= William C. Butler =

English footballer (1844–1914)

Captain William Charles Butler (17 January 1844 – 6 December 1914) played football for England against a Scottish XI in two unofficial internationals in 1870 and 1871. He subsequently became a J.P. and Registrar in Cumberland.

==Family==
Butler was the son of Captain Charles George Butler R.N. (1793–1867) and Emily Bayford. His paternal grandfather was Sir Richard Butler, 7th Baronet of Cloughgrenan, descending from James Butler, 9th Earl of Ormond and 2nd Earl of Ossory, through his second son, Sir Edmund Butler of Cloughgrenan (1534–c.1585). This Cloughgrenan line survives to the present day through James Richard Henry Ormonde Brooke (b. 1972), William's great-great-grandson. James Richard is the son of Penelope Eve Butler (b. 1942) and Irish Guards Lt.-Col. Thomas Christopher Peter Brooke (1938–2020), 1st cousin once removed of Bernard Jocelyn Brooke, author and naturalist.
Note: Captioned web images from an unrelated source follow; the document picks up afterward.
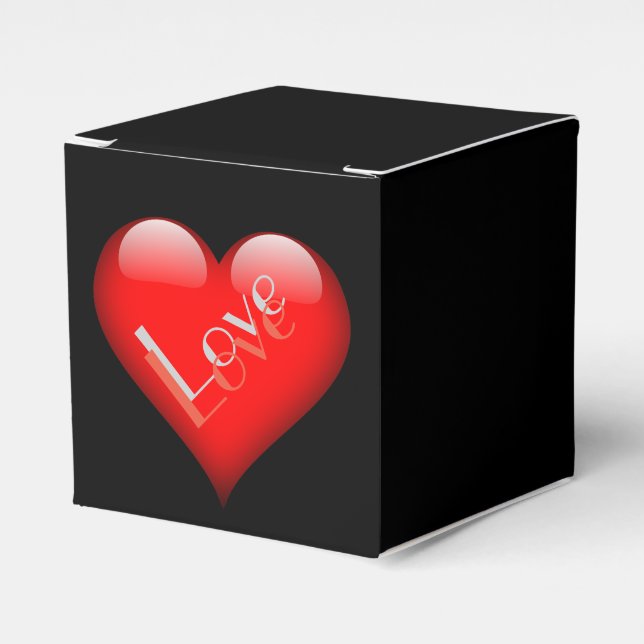 Red Heart Attractive Parisian Love Wedding Favor Boxes (Front Side)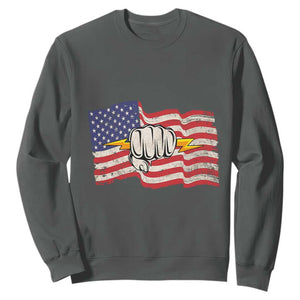 Electrician American Flag Sweatshirt Patriotic Electrical Worker TS14 Dark Heather Print Your Wear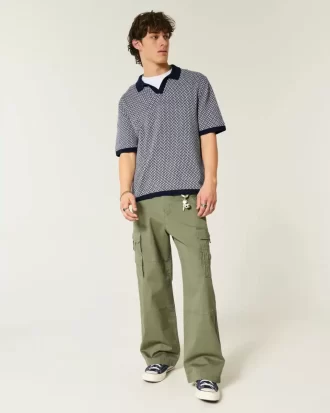 Pudełkowy sweter polo z krótkim rękawem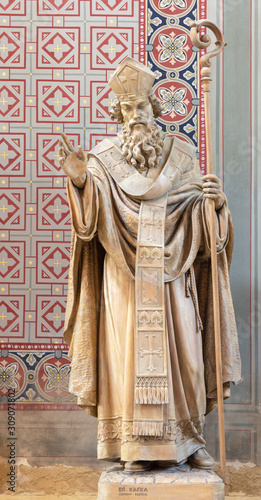 PRAGUE, CZECH REPUBLIC - OCTOBER 17, 2018: The carved statue of Saint Methodius in church Svatého Cyrila Metodeje by Bretislav Kafka (1891 - 1967). photo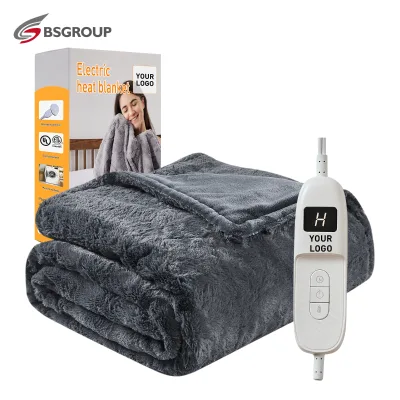 Faux Fur Heated Blanket 50*60 / 62*84 Inch ETL Approval Electric Throw Blanket Twin Full king Size 10 Heat Settings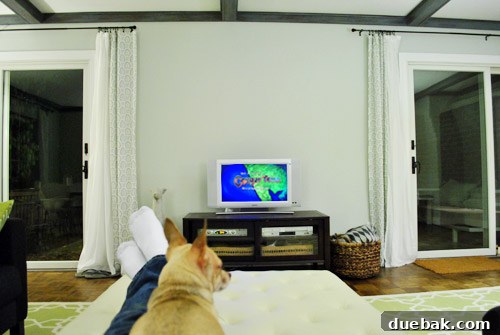 Elevate Your Entertainment Install a Shelf Above Your TV 3 Initial small TV setup with bare wall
In July 1877, William Charles Butler married Emily Chadwick; they had six children – three daughters and three sons. The sons were:

- Henry Beauchamp Butler (1878–1952) who was educated at Charterhouse School and became a solicitor. He later joined the Colonial Service in Nigeria and took part in the Egba Expedition in 1918.
- Lt.-Col.Charles Walter Butler OBE (1880–1941) who was also educated at Charterhouse. He became a soldier in the Suffolk Regiment, fighting in the Boer War between 1899 and 1900, in the First World War, where he was mentioned in despatches twice, and in the Afghan War in 1919. He gained the rank of Lieutenant-Colonel in the service of the Indian Army and was invested with the O.B.E. in 1920.
- William Bayford Butler (1888–1937) who, like his brothers, was educated at Charterhouse and also fought in the First World War with the 3rd Battalion, Border Regiment. He reached the rank of Captain and was decorated with the Military Cross.

==Football career==
Butler was a member of the Barnes and Civil Service football clubs. In March 1870, he was invited by the Wanderers' captain, C.W. Alcock to take part in a match between "England" and "Scotland". This was the first of five "pseudo-internationals" which took place before the first officially recognized international in November 1872. He was the only member of the England XI who was not a member of the Wanderers club.

His second appearance for England came in February 1871; the match report included an early reference to the Combination Game style of football: It seemed as if the [Scottish] defence would prove more than equal to the attack, until a well-executed run-down by C.W. Alcock, W.C. Butler and R.S.F. Walker, acting in concert, enabled the last-named of the trio to equalise the score by the accomplishment of a well-merited goal for England.

==Later career==
Butler was enlisted in the Third Battalion, The Border Regiment where in 1884 he reached the rank of Captain.

He was later a Justice of the peace (J.P.) for Cumberland and held the office of Registrar of the Probate Division of the High Court of Justice.